• Preserving our Biodiversity

Conservation of Biodiversity

Conservation of biodiversity is protection, upliftment and scientific management of biodiversity so as to maintain it at its threshold level and derive sustainable benefits for the present and future generation….

By conserving biodiversity, we not only ensure that our surroundings are richer and more diverse, but also we secure the resources that will continue to provide improvements in the quality of human life.

All started in South Africa when, in 1995, South Africa signed the “United Nations Convention on Biological Diversity”. The development of a biodiversity policy for South Africa was therefore needed for the ratification of the Convention as a law. In 1996 the draft policy (Green Paper) was released as a discussion document for public comment. An extensive consultation with all interested and affected parties was held throughout the country, and more than 3000 organisations were briefed as interested and affected parties. In May 1997, the “White Paper on the Conservation and Sustainable Use of South Africa’s Biological Diversity” was published, amply discussed and gave birth to all our environmental laws.
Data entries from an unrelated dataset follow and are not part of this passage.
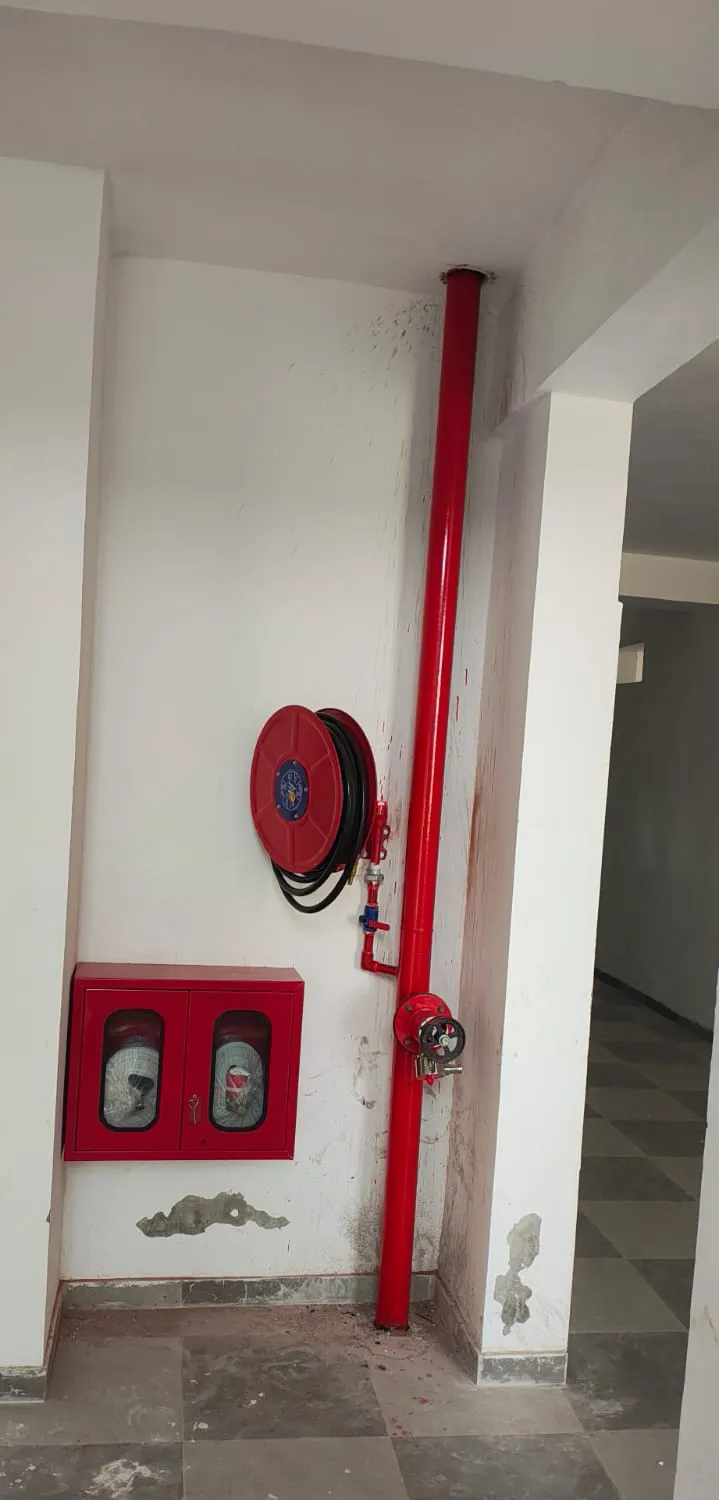 Wet riser with hose reel drum and double-door hose cabinet — Zed-King Institute of Fire And Safety gallery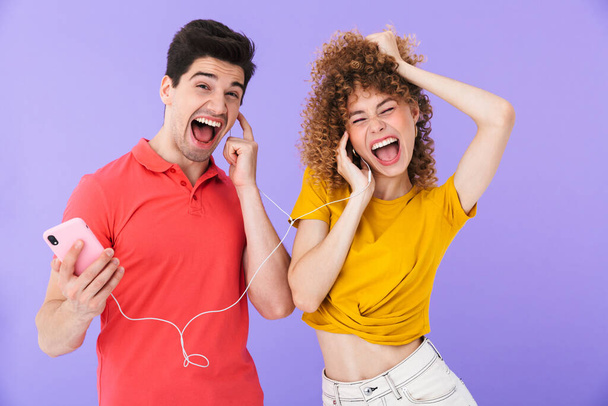 Portrait of happy caucasian people man and woman listening to music together with cellphone and earphones isolated over violet background - Photo, Image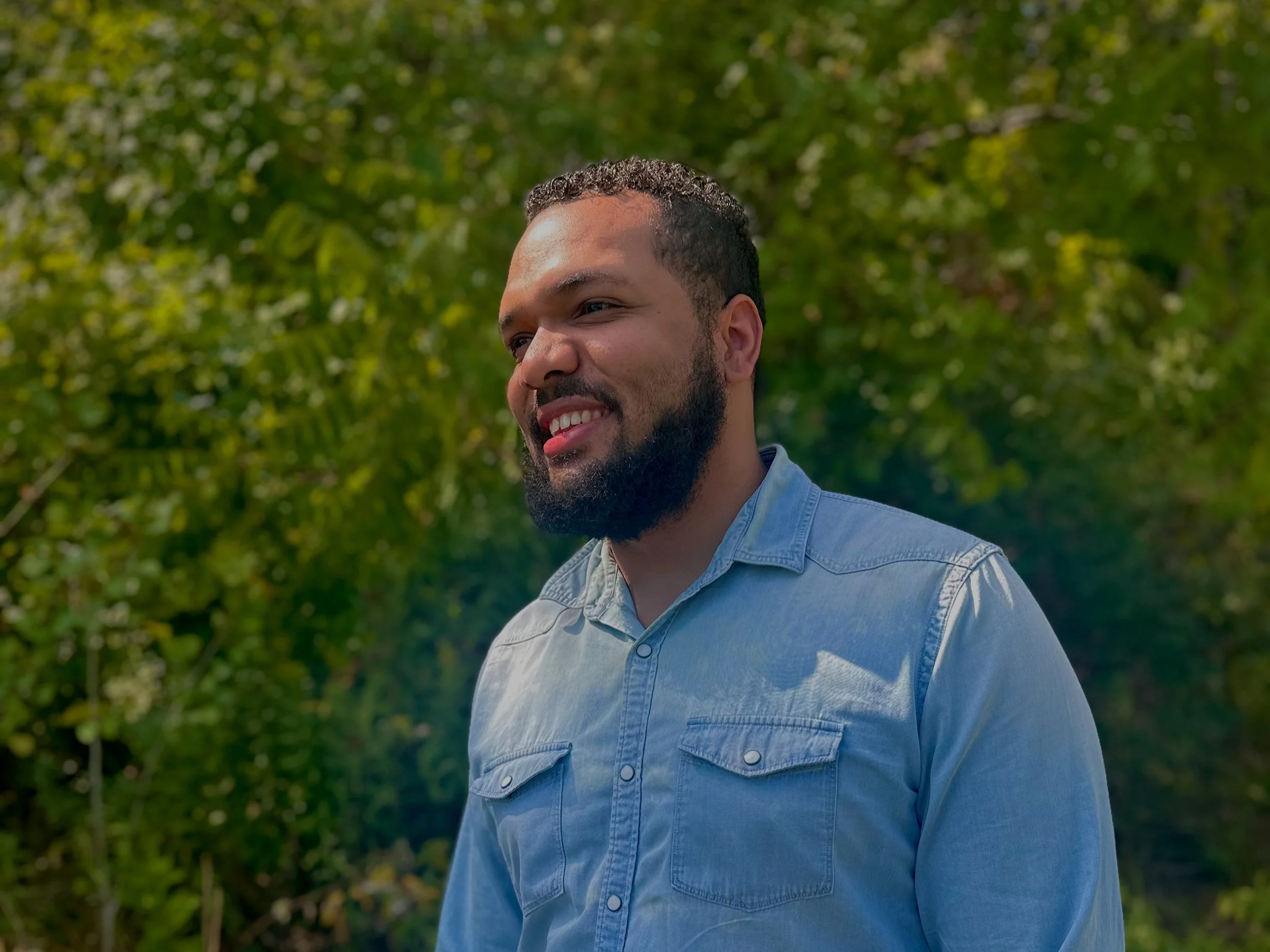 A man with curly hair and a beard, smiling, wearing a light blue denim shirt, standing outdoors with green foliage in the background.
All laws comply with the Vision, Mission and Principles of the White Paper, which:

… are underpinned and guided by South Africa’s new Constitution which provides within its Bill of Rights that everyone has the right:

a) to an environment that is not harmful to their health or well-being; and

b) to have the environment protected, for the benefit of present and future generations, through reasonable legislative and other measures that:

  • i) prevent pollution and ecological degradation;
  • ii) promote conservation; and
  • iii) secure ecologically sustainable development and use of natural resources while promoting justifiable economic and social development.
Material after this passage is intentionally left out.